### YOUR TASK
Using the listing, copy each whole line that features "fans".

(Beginning of DATA)

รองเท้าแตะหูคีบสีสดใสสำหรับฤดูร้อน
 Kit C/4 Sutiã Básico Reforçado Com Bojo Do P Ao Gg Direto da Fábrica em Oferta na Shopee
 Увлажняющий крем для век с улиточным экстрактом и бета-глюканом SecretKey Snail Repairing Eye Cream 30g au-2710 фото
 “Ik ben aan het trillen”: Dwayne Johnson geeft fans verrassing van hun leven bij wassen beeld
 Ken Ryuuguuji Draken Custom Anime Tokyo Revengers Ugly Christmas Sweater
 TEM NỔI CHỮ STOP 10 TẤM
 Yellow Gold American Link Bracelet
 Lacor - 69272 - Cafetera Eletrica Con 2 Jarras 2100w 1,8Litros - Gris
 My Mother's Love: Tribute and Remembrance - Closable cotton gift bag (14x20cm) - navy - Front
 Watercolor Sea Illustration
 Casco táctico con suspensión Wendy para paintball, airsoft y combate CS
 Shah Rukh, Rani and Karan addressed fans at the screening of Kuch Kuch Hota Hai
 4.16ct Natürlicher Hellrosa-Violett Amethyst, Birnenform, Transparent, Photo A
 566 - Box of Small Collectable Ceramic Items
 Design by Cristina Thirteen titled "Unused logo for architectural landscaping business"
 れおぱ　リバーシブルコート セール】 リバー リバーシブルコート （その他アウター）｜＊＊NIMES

(End of DATA)

### ANSWER BELOW
 “Ik ben aan het trillen”: Dwayne Johnson geeft fans verrassing van hun leven bij wassen beeld
 Shah Rukh, Rani and Karan addressed fans at the screening of Kuch Kuch Hota Hai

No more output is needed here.